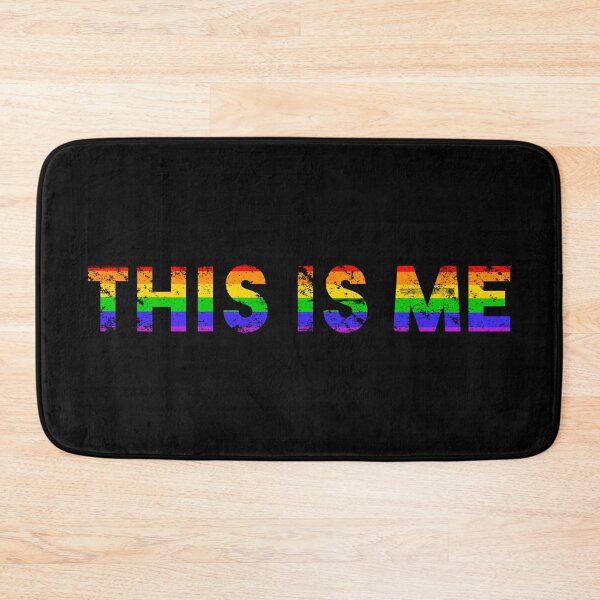 Item preview, This Is Me Distressed Rainbow designed and sold by thirdeyeblue.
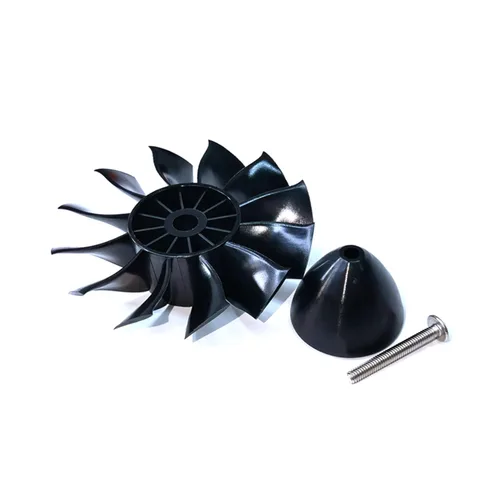 EDF - Ventilador de 3.150 in, 12 aspas sin motor, ventilador eléctrico sin motor para EDF 6S, hélice de motor a reacción RC Hobby, modelo de control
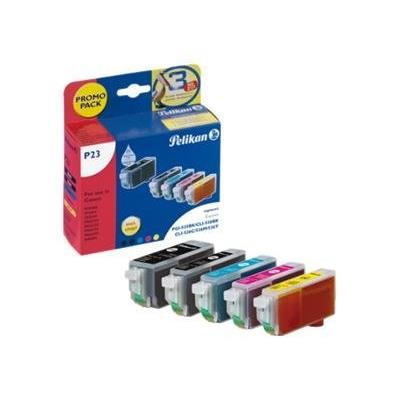  Pelikan P23 Noir, Cyan, Magenta, Jaune 5 pi&egrave;ce(s)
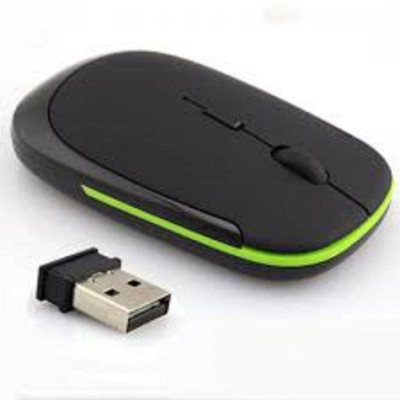 

TECHON ion slim wireless mouse Wireless Optical Gaming Mouse(USB, Silver, Black)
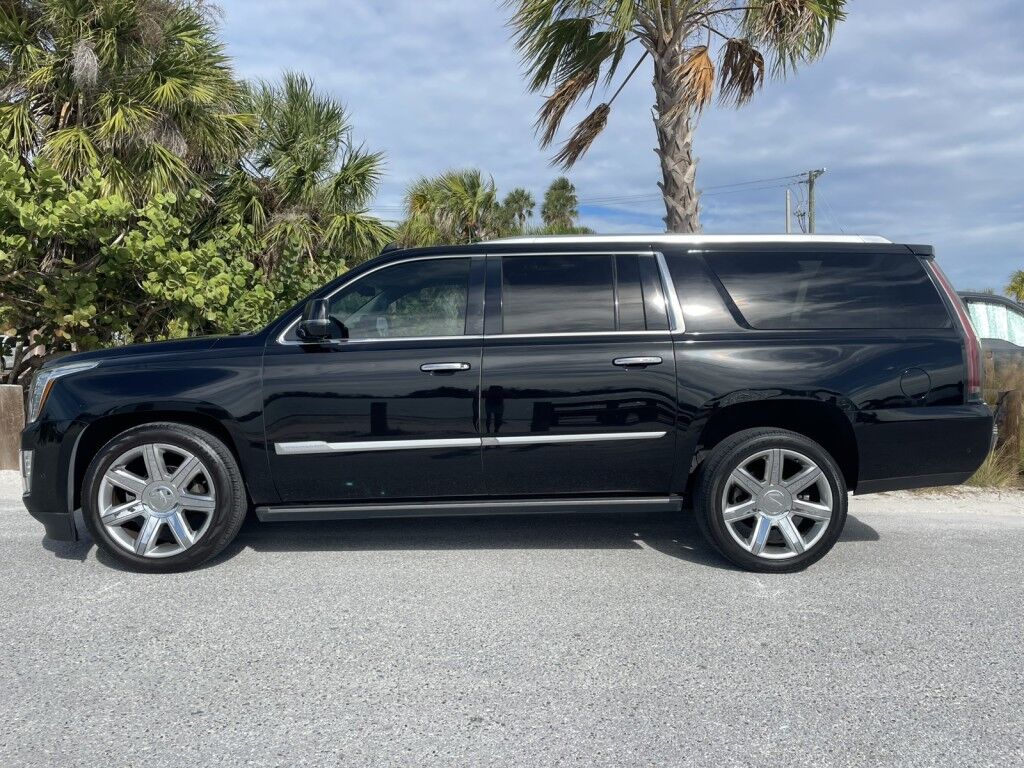2018 Cadillac Escalade ESV Premium Luxury~CLEAN CARFAX~4X4~ADAPTIVE CRUISE CONTROL~BLIND SPOT WARNING~CHROME ROOF RACK~DRIVER ASSISTANCE PACKAGE~HEATED SEATS~KEYLESS ENTRY~LUXURY PACKAGE~REMOTE ENGINE START~RUNNING BOARDS~TRAILER HITCH Sarasota FL
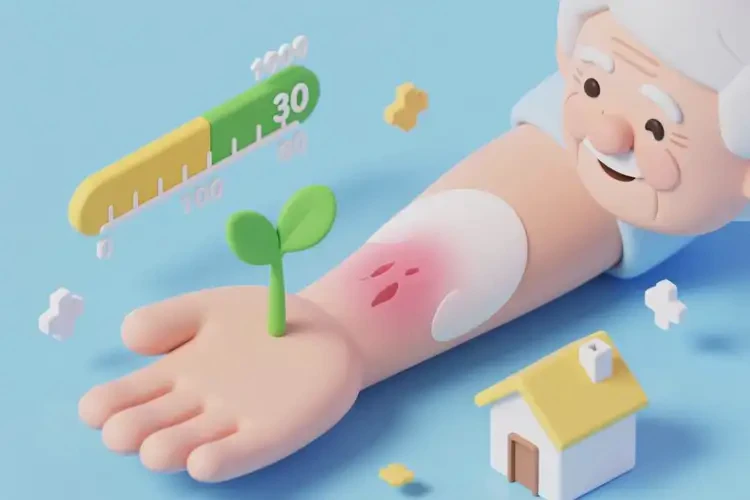 老人手臂上出現(xiàn)濕疹能徹底自愈嗎(圖1)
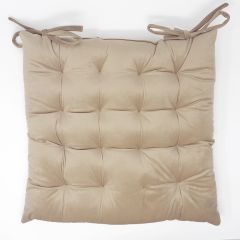 Velvet Seat Pads Beige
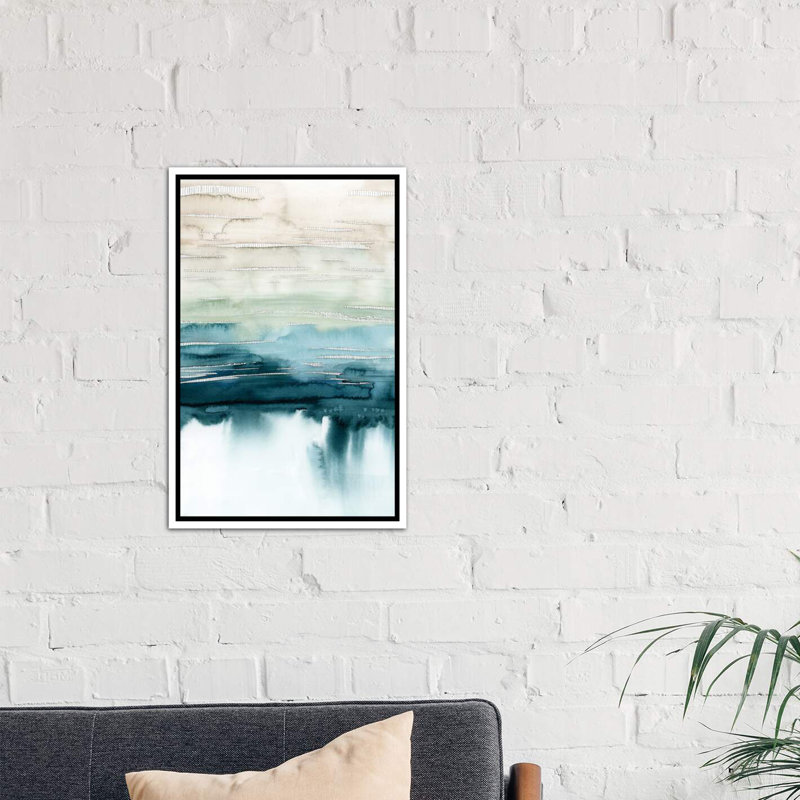 « organic cascade i » par grace-pop, impression, Toile blanche encadrée, H 60 po x l 40po x P 1,5 po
----
→ TASK TO COMPLETE:
Keeping the pictures out, print the entries above exactly as written.

→ RESPONSE BELOW:
 Item preview, This Is Me Distressed Rainbow designed and sold by thirdeyeblue.
 EDF - Ventilador de 3.150 in, 12 aspas sin motor, ventilador eléctrico sin motor para EDF 6S, hélice de motor a reacción RC Hobby, modelo de control
  Pelikan P23 Noir, Cyan, Magenta, Jaune 5 pi&egrave;ce(s)

TECHON ion slim wireless mouse Wireless Optical Gaming Mouse(USB, Silver, Black)
2018 Cadillac Escalade ESV Premium Luxury~CLEAN CARFAX~4X4~ADAPTIVE CRUISE CONTROL~BLIND SPOT WARNING~CHROME ROOF RACK~DRIVER ASSISTANCE PACKAGE~HEATED SEATS~KEYLESS ENTRY~LUXURY PACKAGE~REMOTE ENGINE START~RUNNING BOARDS~TRAILER HITCH Sarasota FL
 老人手臂上出現(xiàn)濕疹能徹底自愈嗎(圖1)
 Velvet Seat Pads Beige
 « organic cascade i » par grace-pop, impression, Toile blanche encadrée, H 60 po x l 40po x P 1,5 po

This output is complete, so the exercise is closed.